Task instructions: When the line containing "New Automatic 12" appears in the data below, begin copying there and stop only after the line containing "Toalheiro termico eletrico".

== Task input

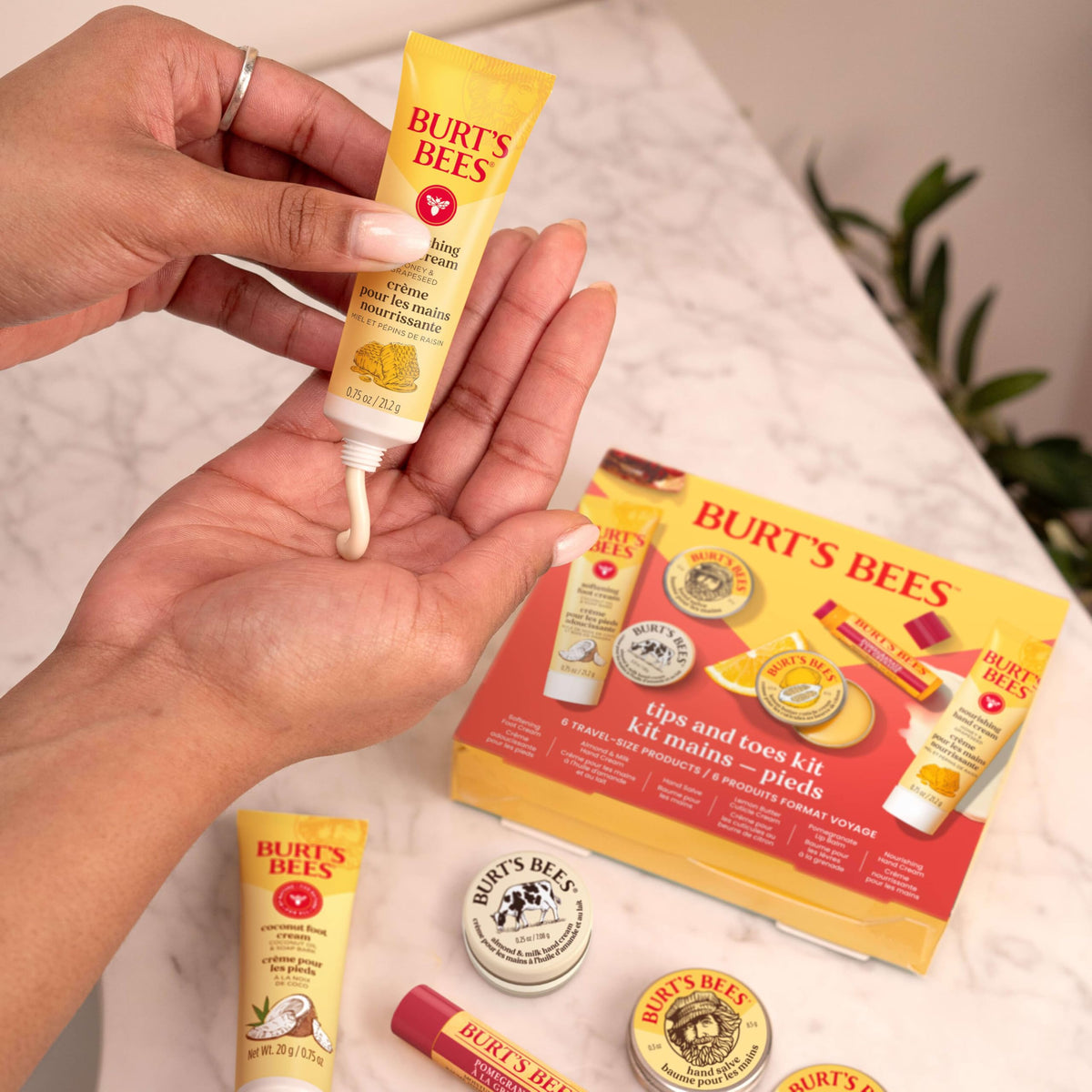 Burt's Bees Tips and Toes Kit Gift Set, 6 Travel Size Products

====
== Task input

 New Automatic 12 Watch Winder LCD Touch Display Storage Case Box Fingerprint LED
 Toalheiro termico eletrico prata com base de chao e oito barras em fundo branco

====
== Task input

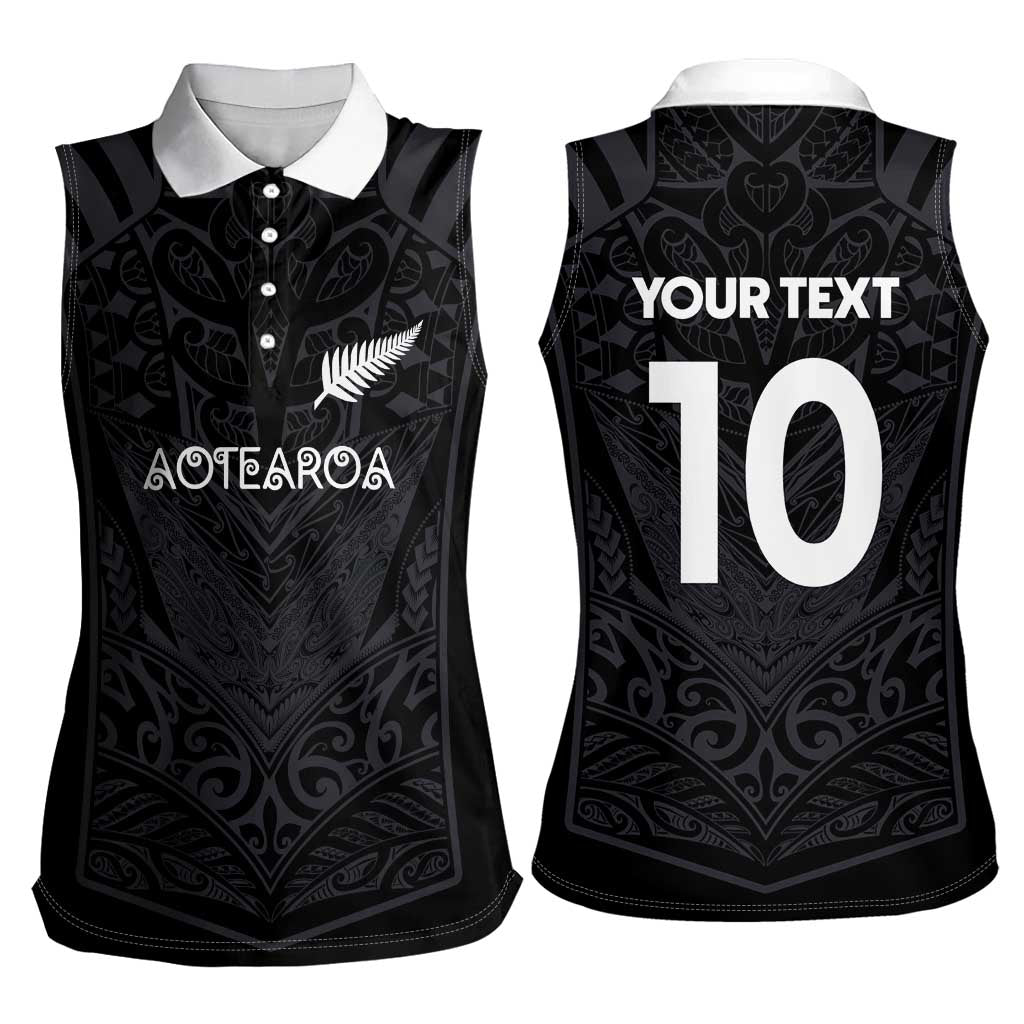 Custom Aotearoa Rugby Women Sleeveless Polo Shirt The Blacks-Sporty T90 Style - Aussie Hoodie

====

Exercise solution:
 New Automatic 12 Watch Winder LCD Touch Display Storage Case Box Fingerprint LED
 Toalheiro termico eletrico prata com base de chao e oito barras em fundo branco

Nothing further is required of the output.